Sri Lanka rulers target EPF again; Treasury attempts to gain control: report
ECONOMYNEXT – Sri Lanka’s rulers are once again trying to target two pension funds made up of money from private sector workers, a media report said, with attempts for the Treasury whose interests are directly opposed to those of the beneficiaries.
The Employees Provident Fund, is now managed by the Central Bank and Employees Trust Fund by a separate board. But the both the agencies have come under fire for using it as a ‘captive source’ for to give low interest loans to the Treasury.

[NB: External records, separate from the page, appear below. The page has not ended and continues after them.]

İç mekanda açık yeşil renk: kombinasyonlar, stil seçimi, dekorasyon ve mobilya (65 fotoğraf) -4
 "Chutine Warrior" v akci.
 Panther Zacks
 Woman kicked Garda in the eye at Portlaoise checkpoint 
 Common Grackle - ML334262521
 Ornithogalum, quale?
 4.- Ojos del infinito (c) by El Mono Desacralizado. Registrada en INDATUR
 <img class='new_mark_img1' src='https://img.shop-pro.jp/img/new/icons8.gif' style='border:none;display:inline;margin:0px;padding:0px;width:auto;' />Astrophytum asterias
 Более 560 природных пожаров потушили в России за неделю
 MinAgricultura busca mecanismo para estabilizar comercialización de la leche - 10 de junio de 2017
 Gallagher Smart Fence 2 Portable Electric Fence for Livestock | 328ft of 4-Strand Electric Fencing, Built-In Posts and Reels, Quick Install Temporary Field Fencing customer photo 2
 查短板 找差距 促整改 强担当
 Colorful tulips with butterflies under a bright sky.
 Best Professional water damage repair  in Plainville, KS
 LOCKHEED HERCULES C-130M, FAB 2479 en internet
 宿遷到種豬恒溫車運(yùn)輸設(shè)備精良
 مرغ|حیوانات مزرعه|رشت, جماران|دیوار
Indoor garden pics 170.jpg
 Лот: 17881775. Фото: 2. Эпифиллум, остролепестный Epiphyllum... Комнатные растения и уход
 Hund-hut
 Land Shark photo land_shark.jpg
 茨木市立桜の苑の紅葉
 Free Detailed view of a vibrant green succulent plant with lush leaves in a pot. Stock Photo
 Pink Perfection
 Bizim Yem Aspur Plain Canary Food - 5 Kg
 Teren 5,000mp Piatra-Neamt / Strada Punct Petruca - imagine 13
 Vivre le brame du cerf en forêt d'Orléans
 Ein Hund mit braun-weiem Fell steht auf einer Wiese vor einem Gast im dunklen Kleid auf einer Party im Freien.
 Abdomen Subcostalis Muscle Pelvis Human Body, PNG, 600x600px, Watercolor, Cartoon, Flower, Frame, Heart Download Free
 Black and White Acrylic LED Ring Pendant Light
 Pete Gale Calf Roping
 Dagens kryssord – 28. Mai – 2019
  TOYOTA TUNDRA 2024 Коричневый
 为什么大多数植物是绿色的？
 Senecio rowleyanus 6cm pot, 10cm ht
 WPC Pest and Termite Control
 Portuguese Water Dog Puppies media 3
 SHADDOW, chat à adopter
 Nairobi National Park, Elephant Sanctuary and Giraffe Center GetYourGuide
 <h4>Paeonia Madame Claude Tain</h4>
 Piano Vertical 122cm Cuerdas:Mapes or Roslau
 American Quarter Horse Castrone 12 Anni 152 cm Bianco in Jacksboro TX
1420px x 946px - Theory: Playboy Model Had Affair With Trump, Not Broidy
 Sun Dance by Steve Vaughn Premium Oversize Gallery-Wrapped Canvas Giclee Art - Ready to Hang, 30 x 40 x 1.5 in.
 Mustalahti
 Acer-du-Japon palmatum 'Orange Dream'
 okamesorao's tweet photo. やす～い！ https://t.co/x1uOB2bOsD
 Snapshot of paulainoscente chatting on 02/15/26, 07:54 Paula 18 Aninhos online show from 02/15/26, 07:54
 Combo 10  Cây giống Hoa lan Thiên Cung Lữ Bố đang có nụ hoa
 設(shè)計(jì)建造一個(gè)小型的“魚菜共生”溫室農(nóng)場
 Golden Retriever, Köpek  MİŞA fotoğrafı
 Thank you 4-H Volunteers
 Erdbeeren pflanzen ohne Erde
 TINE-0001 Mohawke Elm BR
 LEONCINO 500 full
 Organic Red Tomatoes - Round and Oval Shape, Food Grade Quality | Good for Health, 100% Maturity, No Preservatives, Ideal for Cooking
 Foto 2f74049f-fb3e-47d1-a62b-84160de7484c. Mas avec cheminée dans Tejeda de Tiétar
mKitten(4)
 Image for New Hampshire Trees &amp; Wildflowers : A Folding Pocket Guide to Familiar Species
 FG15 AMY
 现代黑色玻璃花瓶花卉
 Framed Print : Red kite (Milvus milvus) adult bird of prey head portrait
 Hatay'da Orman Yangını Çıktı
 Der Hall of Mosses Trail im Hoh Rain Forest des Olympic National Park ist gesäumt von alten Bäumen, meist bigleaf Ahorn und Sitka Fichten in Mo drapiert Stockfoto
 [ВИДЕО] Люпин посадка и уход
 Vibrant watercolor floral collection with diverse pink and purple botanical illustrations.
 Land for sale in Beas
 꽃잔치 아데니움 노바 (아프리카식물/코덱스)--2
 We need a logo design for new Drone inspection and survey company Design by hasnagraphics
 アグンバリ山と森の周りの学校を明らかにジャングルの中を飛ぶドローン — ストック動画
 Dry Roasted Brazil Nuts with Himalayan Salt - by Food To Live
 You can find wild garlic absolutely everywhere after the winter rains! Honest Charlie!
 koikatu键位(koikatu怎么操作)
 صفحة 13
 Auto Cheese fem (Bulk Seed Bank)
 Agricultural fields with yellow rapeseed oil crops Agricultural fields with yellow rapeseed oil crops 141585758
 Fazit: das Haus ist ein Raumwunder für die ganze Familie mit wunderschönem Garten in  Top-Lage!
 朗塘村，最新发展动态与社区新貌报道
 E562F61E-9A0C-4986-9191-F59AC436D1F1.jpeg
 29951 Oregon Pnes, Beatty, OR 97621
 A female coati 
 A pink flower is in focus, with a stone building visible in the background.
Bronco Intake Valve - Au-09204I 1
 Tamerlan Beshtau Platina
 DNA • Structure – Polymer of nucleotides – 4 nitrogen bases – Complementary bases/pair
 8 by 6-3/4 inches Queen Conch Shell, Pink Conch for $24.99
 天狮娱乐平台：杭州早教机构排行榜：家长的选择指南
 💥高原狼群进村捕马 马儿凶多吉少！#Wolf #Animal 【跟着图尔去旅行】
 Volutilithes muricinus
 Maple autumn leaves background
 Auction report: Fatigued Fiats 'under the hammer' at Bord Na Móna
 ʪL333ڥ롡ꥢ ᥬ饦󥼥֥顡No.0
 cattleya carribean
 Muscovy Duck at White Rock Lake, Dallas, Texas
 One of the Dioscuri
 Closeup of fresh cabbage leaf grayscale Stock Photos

Cat asked to look after fish
The interests of the Treasury, which is seeking low interest loans is diametrically opposed to that of the members of the EPF and ETF, who want market rates for their savings, which generates a situation similar to asking a cat to look after fish, analysts say.
The Central Bank also sells debt for the Treasury, generating a conflict of interest, similar to asking a cat to look after fish.
The new administration came to power promising to place the pension funds under independent management, but also attempted to create an annuity (a long term pension) keeping the money with the government for longer period.
No mention was made of an independent agency to manage the funds.
With an ageing population the EPF, outflows are expected to overtake inflows in the future and the state is wants to keep the money in the fund for a longer period.
The Sunday Times newspaper said several proposals were being considered, including releasing the EPF money in stages instead of a lump sum, and starting a contributory pension fund.
Following the so-called bondscam where pumped up bonds were dumped on the EPF, confidence on the authorities are low. During the last administration stocks were alleged to have been pumped and dumped on the EPF.
However analysts say, much hope is placed on the new Central Bank Governor Indrajit Coomaraswamy, whose integrity is unquestioned.